The assessor’s opinion on these matters may inform the court’s conclusions on both of the s 107I(2) criteria. By way of illustration, an assessor may conclude that an offender exhibits a predilection or proclivity for offending because he has a past pattern of behaving in that way.[7]

[20] Third, information contained in the report need not qualify as admissible evidence in criminal or civil proceedings, for the assessor may take into account any statement of the offender or any other person concerning any conduct of the offender, whether or not it constitutes an offence or has been the subject of charge or conviction.[8] Consistent with that, the court is not confined to offending that has resulted in convictions and it may consider any evidence or information that it thinks fit, whether or not admissible in a court of law.[9]
[21] Fourth, the terms “pervasive pattern” and “serious sexual offending” and “high risk” indicate that the assessment requires judgments of quality and degree. The decision-making exercise is fact-specific and evaluative.
[22] Fifth, the term “serious sexual offending” in s 107I(2)(a) is not a term of art but should be given its ordinary meaning.

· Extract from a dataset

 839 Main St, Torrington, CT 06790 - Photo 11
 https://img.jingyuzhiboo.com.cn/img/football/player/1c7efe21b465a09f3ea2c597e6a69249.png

It is not confined to relevant sexual offences listed in s 107B(2).[10] The adjective “serious” should also be given its natural meaning, viewed against the statutory purpose of protecting the community from those who pose a real and ongoing risk of sexual offending.[11] The relevant sexual offences listed in s 107B(2) are capable of being “serious” but are not exhaustive.[12]
[23] Sixth, a pervasive pattern is one that is sufficiently characteristic of the offender to serve as a predictor of future conduct.[13] We make several points about this:
[24] Seventh, when considering whether the offender presents a high risk of committing relevant sexual offences in future, the court will take into account anything that may exacerbate or mitigate risk, such as community support and the offender’s response to any treatment that has been undertaken. These considerations are also relevant to the term of an ESO, as noted below.
[25] Eighth, the court must be “satisfied” that the criteria in s 107I(2) and s 107IAA have been established. There is no onus or standard of proof; rather, the court must make up its mind on the evidence.[17]
[26] Ninth, the court “may” make an ESO once satisfied that the statutory criteria have been met; that is, it has a discretion to refuse an order.[18]
[27] Finally, an ESO engages BORA-protected rights. This Court has previously held that the ESO regime creates a retrospective double penalty, so contravening s 26 of the New Zealand Bill of Rights Act 1990, but nonetheless must be given effect under s 4 of that Act.[19] The Supreme Court has recognised that the Parole Act’s statutory purpose requires that courts not be denied clearly relevant information when deciding whether an offender is eligible under s 107I for an ESO.[20] But when deciding whether to make an ESO, and for how long, courts must recognise that the order may impinge substantially upon the offender’s freedom of movement and association.[21] These rights must be borne in mind when deciding both whether the offender has or had the necessary pervasive pattern of serious sexual offending and whether the offender presents a high risk of future serious relevant offending.

A pervasive pattern of serious sexual offending?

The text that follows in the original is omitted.